Divergences doctrinaires et guerre de leadership : l’impossible alliance islamiste
Grisés par le succès facile de la fusion de cinq partis (FJD, dit El-Adala, d’Abdallah Djaballah, Ennahda, MEN, MSP et le Front du changement) dans deux grandes structures, les dirigeants islamistes intensifient les tractations depuis quelques jours pour aboutir à une seule grande alliance. Pour eux, cette union des deux «écoles jumelles» est le seul moyen pour éviter une débâcle assurée aux prochaines élections législatives. Mais cette démarche peut aussi cacher un jeu plus stratégique, qui a souvent réussi dans d’autres pays, qui est de se présenter en force dans la perspective d’un gouvernement de coalition. C’est d’ailleurs ce que leur ont toujours reproché leurs partenaires dans la Coordination nationale pour la transition et les libertés. Le MSP d’Abderrazak Mokri avait même entrepris un premier pas dans ses négociations avec le pouvoir, depuis déjà une année. En fait, ce parti ne conçoit pas une participation aux élections sans envisager d’entrer au gouvernement.
Or, à peine l’initiative lancée, les divergences ont commencé à apparaître : répondant au MSP, le porte-parole d’El-Adala, Lakhdar Bekhellef, a été le premier à exprimer des réserves sur le projet, en refusant des conditions préalables pour l’amorce de tout dialogue dans le cadre des alliances. Le MSP met en avant son envergure et son poids électoral pour revendiquer le leadership islamiste. Dans un de ses innombrables écrits postés sur Facebook, Mokri l’a clairement signifié en rappelant, d’abord à ses alliés, que son parti était la seule formation politique «autostructurée» au niveau des quarante-huit wilayas. Donc, le MSP est, selon sa logique, le seul parti capable de fournir, entre autres, des candidats à d’éventuelles listes communes.

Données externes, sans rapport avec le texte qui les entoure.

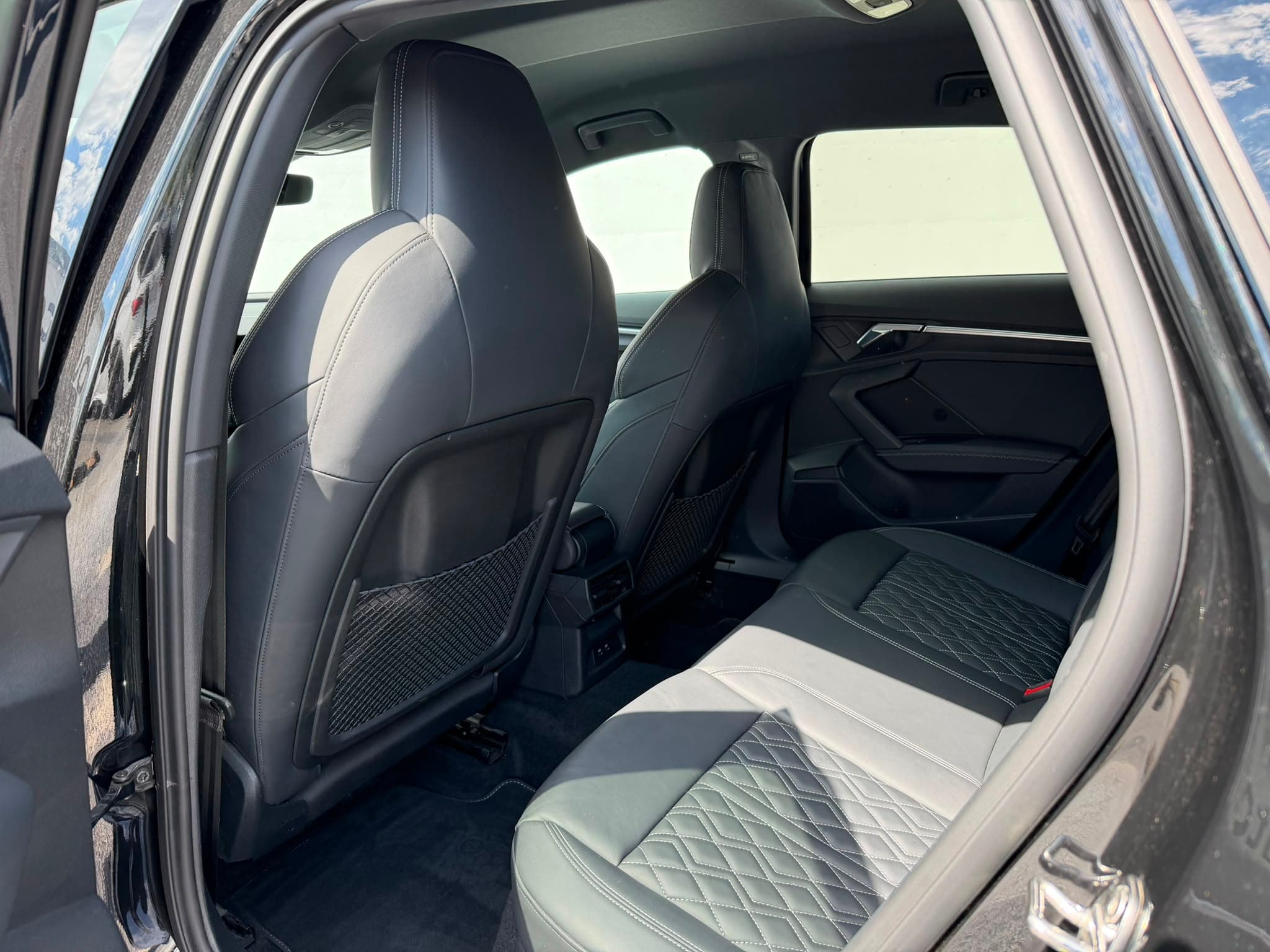 AUDI S3 - Image 10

En plus de la guerre de leadership qui mine la famille islamiste, qui était à l’origine de sa fragmentation avant même le multipartisme, entre la mouvance radicale faussement dénommée «djaza’riste» représentée par Abassi Madani et Abdellatif Soltani, qui donnera ensuite le FIS, et la Ligue de la da’wa, fondée par Mahfoud Nahnah et Ahmed Sahnoune, qui donnera le Hamas, ancêtre du MSP, cette quête d’alliance bute sur un autre obstacle tout aussi sérieux. Ce dernier risque de freiner cet élan et annihiler toute possibilité d’avoir un pouvoir de décision. Il s’agit de leur affiliation à de différentes références doctrinaires et idéologiques au-delà des frontières, elles-mêmes divisées (Frères musulmans égyptiens, AKP, wahhabites, Al-Azhar, etc.)
Ainsi, le MSP de Mokri est totalement inféodé au parti islamiste au pouvoir à Ankara, porte-drapeau des Frères musulmans dans le monde, tout en développant un discours conciliant et diplomatique, la mouvance incarnée par Abdallah Djaballah est, elle, plus portée par un discours rigoriste, à mi-chemin entre un salafisme d’inspiration wahhabite et un réformisme version ouléma. Alors qu’on sait qu’entre les deux courants la rivalité n’a jamais été aussi vive que depuis la chute des Frères musulmans en Egypte.
L’échec des expériences islamistes dans le monde arabe depuis 2011 et le discrédit qui frappe ces organisations, organiquement liées au terrorisme ravageur et dont l’Algérie a été la première cible, ont obligé les islamistes algériens à se repositionner et, aujourd’hui, à ruser pour s’adapter à la nouvelle conjoncture. D’où cette quête éperdue d’alliances entre frères ennemis.